2024年11月15日の日記 エックス

日記

この頃、スマホの記録によれば、どうやら私、毎日一時間ばかり「エックス」なる場を眺めているらしき。

私は、著名なる人物を数十人、さほど名は知られずとも、各々の分野にて見識をもつ者たちをまた数十人、さらに、恐らくはこの地元の方々と思しき者どもを数十人を追いかけている。

中には、考えの合わぬ者もおる。されど、あえて切ることはせず、見聞きすることにしている。時に腹立たしきもあるが、これもまた己の心の均衡を保つ妙薬のごとしと心得ている。

地元の者が発する、「こっちは大雨である」とか、「国道で事故があり渋滞している」とか、「熊が出没した」などといった話は、聞いて楽しきのみならず、暮らしにも資する情報となる。まことに実用的なものである。

結果としては、新聞の代わり、またはテレビの代わりともなっている。世の中の様子を知る上では、なかなか重宝している次第。

もともとは、この「エックス」なるものは、己が思いを発し、他と語らう場なのであろうが、私、それを始めてすぐに「申すことが何もない」と悟りしゆえに、もっぱら読むことが主にて、発することはほとんどなし。

まったく無音というのも心苦しく、「今日は天気がよい」とか、「山が美しゅう見える」とか、そのような軽き言葉を時折つぶやくにとどまっている。

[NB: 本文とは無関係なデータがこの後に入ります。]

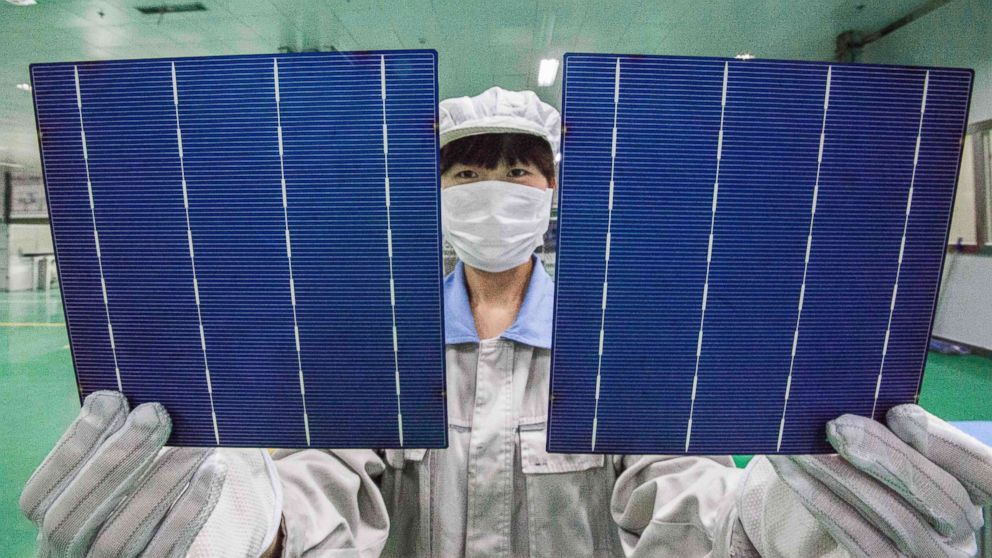 A Chinese worker shows photovoltaic cells to be used to make solar panels at a solar manufacturing plant in Lianyungang city, east Chinas Jiangsu province, China, Oct. 21, 2014.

世の中や政治について、意見がないわけではない。されど、然るべき知識も信念も定まりおらぬ身、軽々しく声を上げることは控えている。

この「エックス」の世には、間違うた情報もまた流れてはおるようだが、それでも役立つことの方が多きと、私は思う。結局のところ、すべては己の目と心、いかに見て、いかに選び取るかにかかっているのであろう。